If you haven’t noticed, the GPU market is highly volatile. NVIDIA repeatedly spews out new chip architectures, doubling FLOPS every few years. Everyone shifts towards the newest cards, causing temporary supply crunches and high prices. But Modal’s customers don’t want to think about these price fluctuations. They want GPUs of all kinds at predictable and good prices, and the ability to demand thousands of GPUs on a moment’s notice, without having to worry about pricing, capacity planning, or supply.

At Modal, we’ve built a “resource solver” system which is capable of finding and enjoying arbitrages in this cloud storm, satiating our customers’ demand for scalable compute at good prices. Did you know that a few months ago you could get hundreds of superior H200 GPUs for 20% less than the going rate for inferior H100s? The solver did, and it took that deal.

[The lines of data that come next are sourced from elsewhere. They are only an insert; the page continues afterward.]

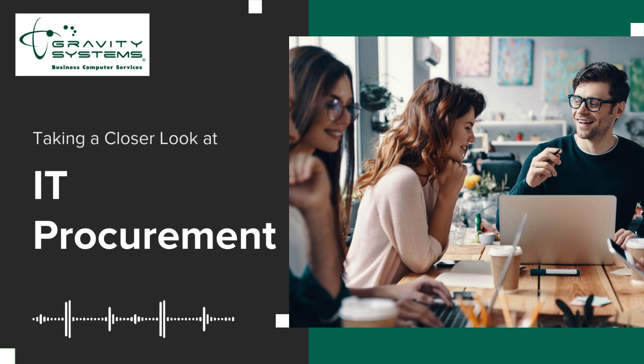A solid procurement strategy helps you control costs, stay compliant, manage risks, and make sure you're always up to date with the latest tech. Now, let's break down the key steps.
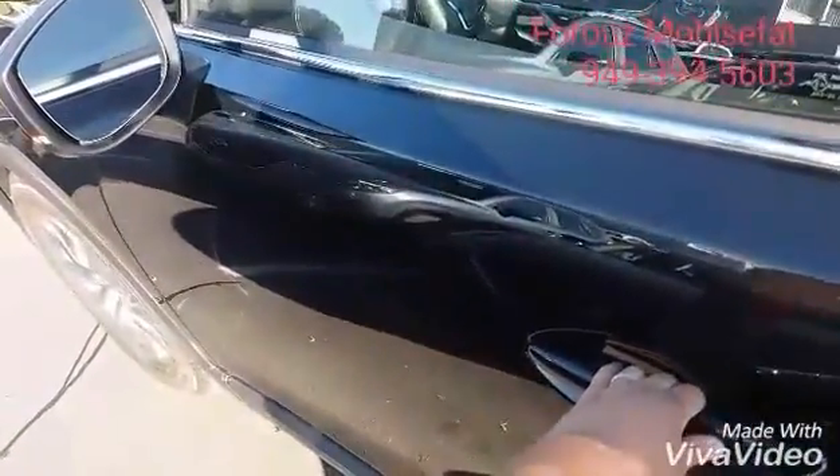One of my favorite features — keyless entry. Push of a button, and as long as you have the key on you, you can open it up.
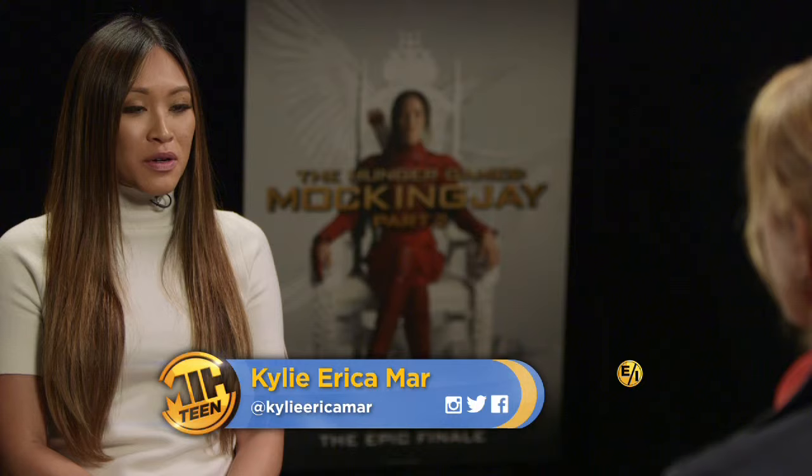So you are Jennifer Lawrence's archery coach, which obviously, if anyone has seen the movie, they know that she's really good with the bow and arrow. She looks good with the bow and arrow. She was good from the beginning. What were the main things that she needed to know in order to look like she can actually be a good archer?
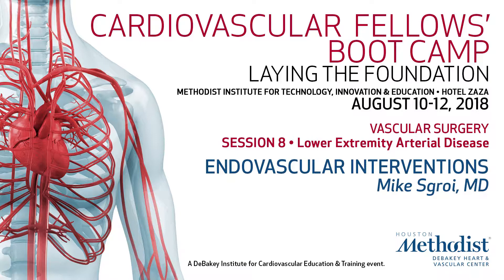We are going to talk about all the endovascular interventions, all the stents, all the balloons, and we're going to do this in 15 minutes. So let's see how we can go through this. Nothing to disclose, but I am going to give you a lot of information on some of the different vendors and companies, what stents they have, what balloons they have, and some of their registry data.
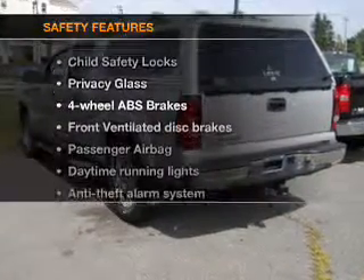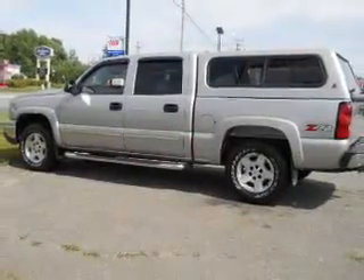And for your peace of mind, the following safety equipment is included: front ventilated disc brakes, passenger airbag, and daytime running lights.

At its core, Modal’s resource solver is a linear programming, or LP, solver — an algorithm which can quickly and reliably maximize an objective given a set of linear constraints. We feed this algorithm information about current demand in our system, plus current prices, availability and performance for a variety of cloud server types. It then spits out a delta — which kinds of instances we should spin up and spin down, and how many we need of each to satisfy demand. The resource solver keeps our serverless system afloat, allowing our customers to gleefully forget about the horrors of cloud instance quotas and reservations. But it also finds temporary discounts and arbitrage opportunities, saving millions of dollars a year.

Understanding capacity

The problem the solver solves is easy to understand, and it shows up in many domains. Consider the simplest possible version of Modal — let’s call it Modull, because it’s simple. Your customers want to run on NotVidia’s flagship GPU, the A1. As customers call their Modull Functions over the course of a day, you have an ever-changing number of containers (we call them Tasks) which demand variable numbers of A1 GPUs. How do you service all these containers? With only a single type of resource, it’s easy — you add up the total number of A1 GPUs requested. If you’re already running that many GPUs, you’re done. If not, figure out how many more GPUs you need, and then get as many as you can from whatever cloud provider offers them for the best price. If you can’t scale up sufficiently, you try the next best cloud provider, and so forth. You could write a script that does this.

# For each per‑cloud instance type, we know the current price and the capacity limit.
cloud_provider_prices_and_limits = {
    "CloudA": {"price": 1, "limit": 5},
    "CloudB": {"price": 2, "limit": 20},
}

def solve_for_demand(
    requested: int,
    providers: dict = cloud_provider_prices_and_limits,
):
    remaining = requested
    allocation = {name: 0 for name in providers}

    # Sort providers by increasing price.
    for name, info in sorted(providers.items(), key=lambda p: p[1]["price"]):
        if remaining == 0:
            break

        # Exhaust cheaper instances before using more expensive ones.
        buy = min(remaining, info["limit"])
        allocation[name] = buy
        remaining -= buy

    return allocation

A key problem: users want containers scheduled in seconds, but it takes minutes to acquire and start a new cloud server. So you have to maintain some headroom. To do this relatively cost-efficiently, you can maintain a buffer — some configured number of extra, idle GPUs — that newly scheduled containers can burst into, without having to wait for scale-up. This doesn’t come for free, but it’s an easy way to deliver good performance. Modal does this, more-or-less. When a customer suddenly runs hundreds of containers at once, we maintain a large enough buffer to schedule their containers instantaneously, while scaling up concurrently. You’d need to account for this buffer in the solver.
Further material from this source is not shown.